Since Feb. 22, 1998, Assaiante's squash team at Trinity College in Connecticut had not lost a single match. That's 252 consecutive wins, 13 straight national championships. And the longest winning streak in the history of collegiate athletics.
But that was before Wednesday night.
Assaiante knows things like "The Streak" don’t last forever. He often wondered if the end would bring a certain sense of relief -- a metaphorical lifting of a 13-season, 5,078-day burden. They would celebrate, he thought.

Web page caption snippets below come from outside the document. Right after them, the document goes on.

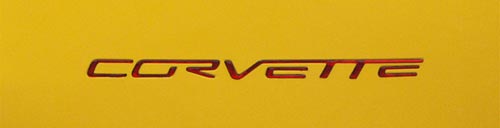 2007 Corvette Z06 custom script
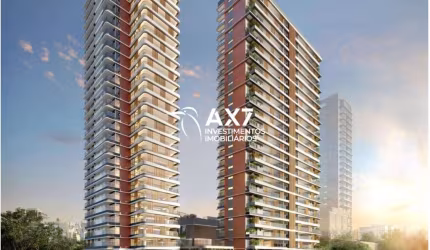 Apartamento com 4 quartos à venda na Rua Estado de Israel, 1052, Vila Clementino, São Paulo por R$ 6.114.000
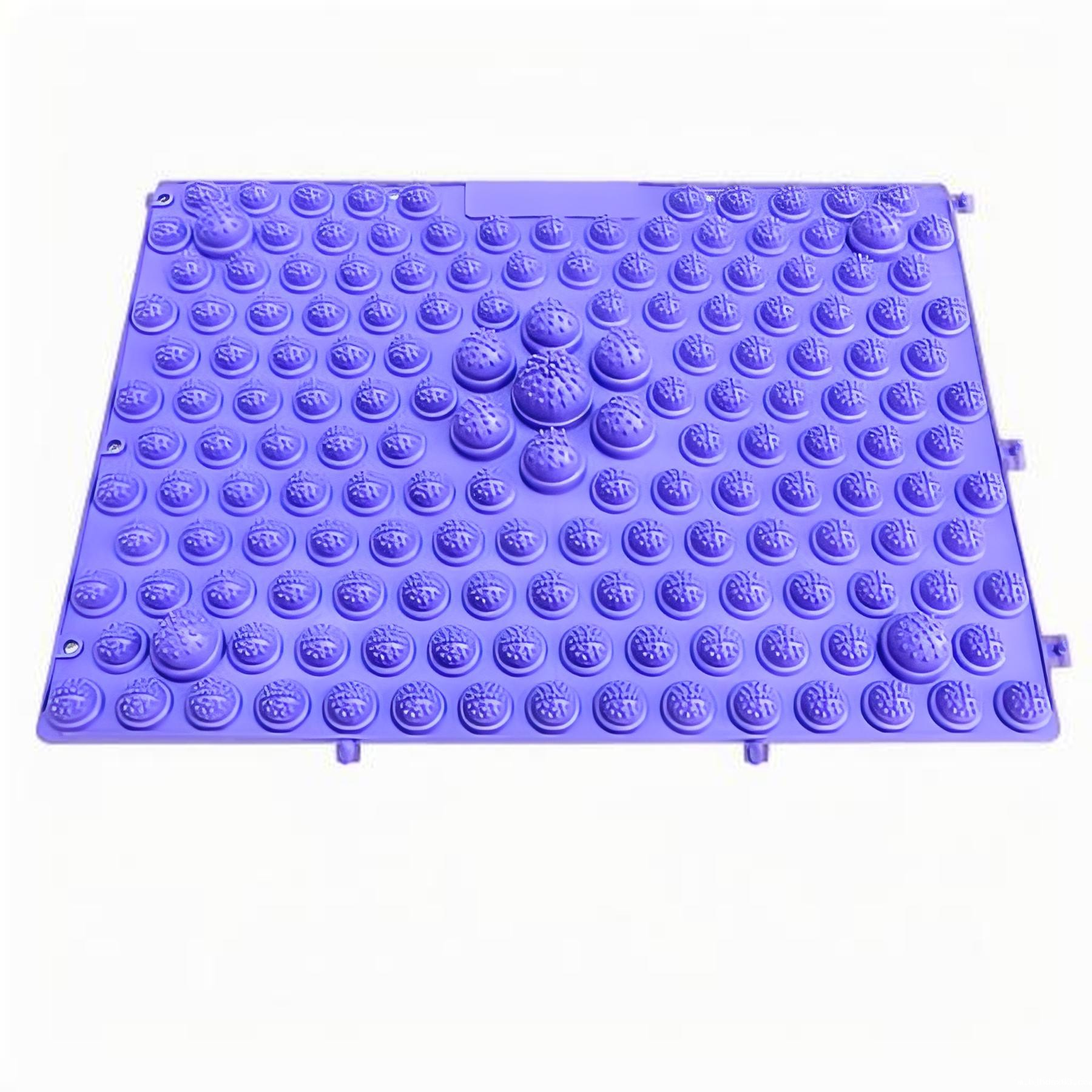 告别硬塑料：TPE热塑性弹性体指压板软硬刚刚好？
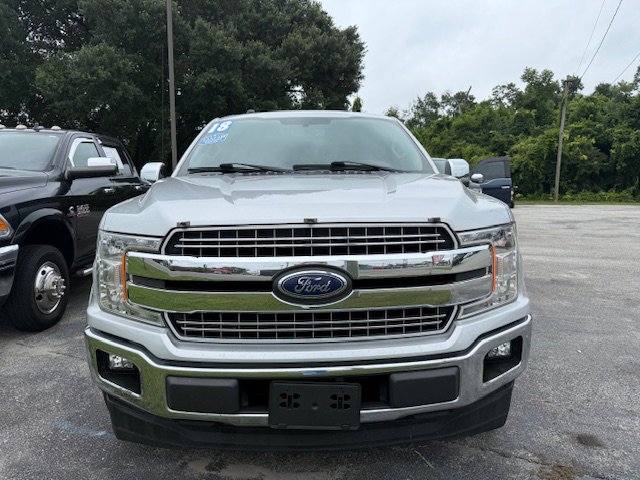 Used 2018 Ford F150 Lariat image 2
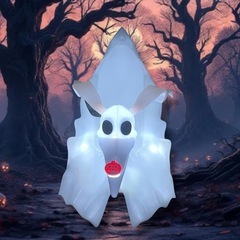 海外限定 ディズニー ポップコーンバケット ゼロ ナイトメアビフォア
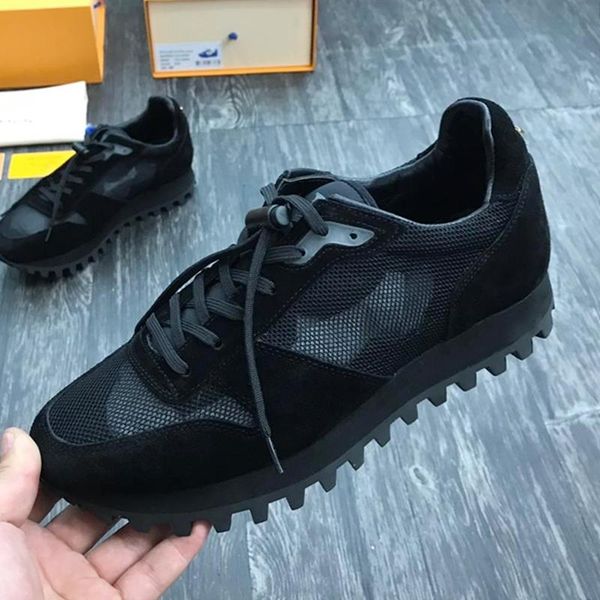 runner sneaker mens shoes outdoor walking plus size luxury footwears sports lace -up men shoes manner schuhe with origin box, Black
runner sneaker mens shoes outdoor walking plus size luxury footwears sports lace -up men shoes manner schuhe with origin box, Black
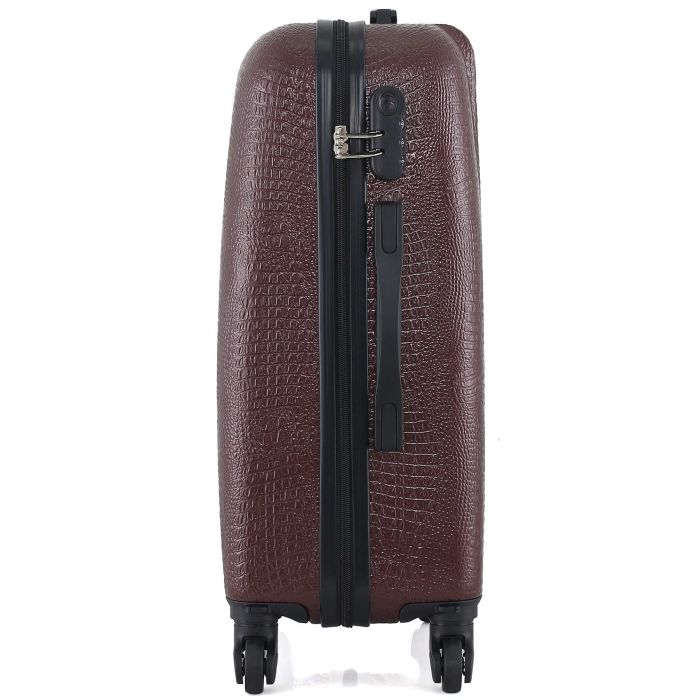 Чемодан Semi Line 22" (M) Burgundy (T5581-3)
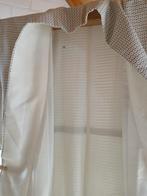 Traditionele Japanse Kimono white black, Ophalen of Verzenden
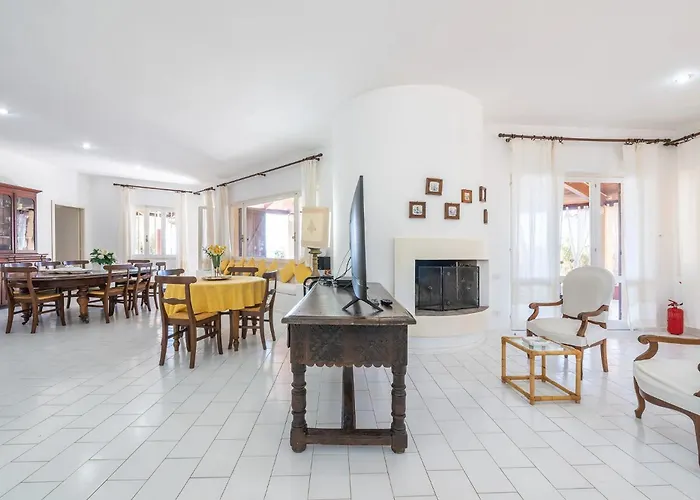 Villa Fernanda Santa Margherita di Pula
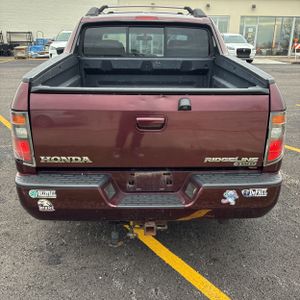 HONDA RIDGELINE RTL W/NAVI - 7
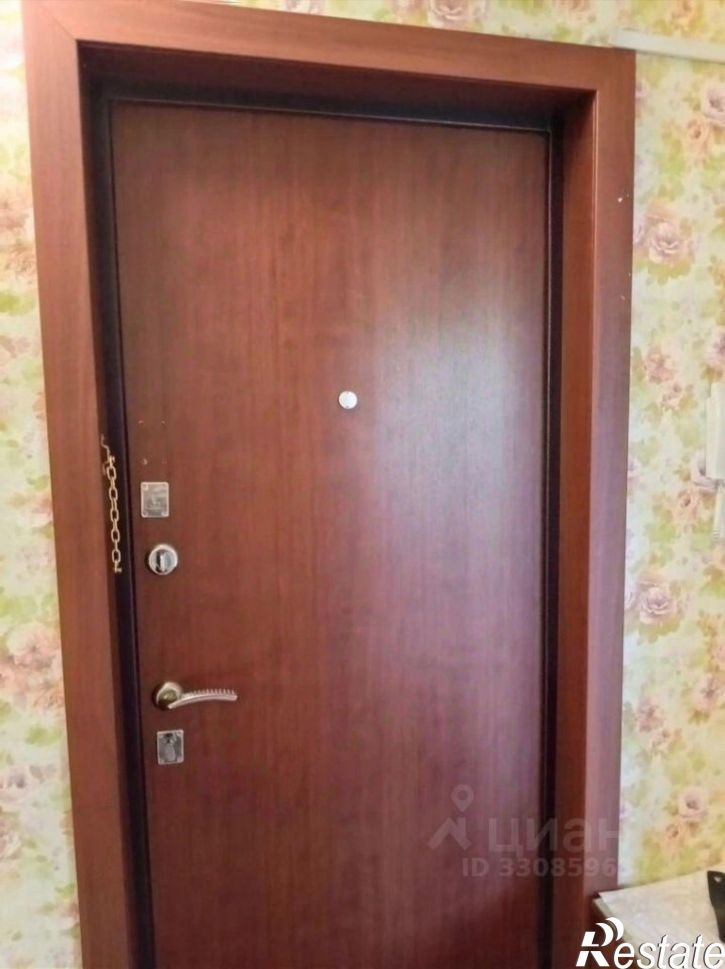 1-комн квартира улица Обручева, 16А,  д. 16А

But as Trinity's Swedish junior Johan Detter lost the eleventh and final point to Yale's John Roberts on Wednesday in New Haven, and The Streak had officially ended, Assaiante realized he had been lying to himself all along.
He really hated losing.
"The Streak" had for so long been a gift of publicity to the sport of squash, a sport desperately fighting its way through the Olympic process. The sport was rejected for both the 2012 and 2016 Olympics, beat out by baseball, rugby and a sport boasting some guy named Tiger Woods. But things are still looking up for squash, and a lot of that has to do with Trinity.
When the streak began, Assaiante says he only remembers 30 teams taking part in the national championships. That number has since doubled. And with more teams in the fold, challengers began to emerge for Trinity. No longer were the Bantams "the only team at the dance," like they had been early on in The Streak. Matches became closer and closer.
"I always hoped that when it ended it would be because other schools came up to the bar," Assaiante says. "And it did. There are six teams in this country now that can win a national championship, and if that's our legacy, that’s pretty cool."
With more challengers threatening Trinity's streak, the wins had become more stressful, more tentative, and more unpleasant. After winning their 12th-straight national championship in 2010, then-Trinity senior Baset Chaudhry was criticized widely for very openly taunting his Yale opponent. Video of the bad sportsmanship spread, further fueling a fire between Yale and Trinity that existed through Wednesday’s match.
"There’s a bit of bad blood between the two," President of U.S. Squash Kevin Klipstein says.
The Streak continued. The Bantams could feel the target on their back get larger and larger. But Trinity still had the best players, thanks to a coach who recruited not only locally, but internationally.
"He was on the forefront of recruiting players from around the world," Klipstein says. "Kids from India showing up in shorts and sandals in January -- not even having a winter coat."
Year after year, Trinity continued to win.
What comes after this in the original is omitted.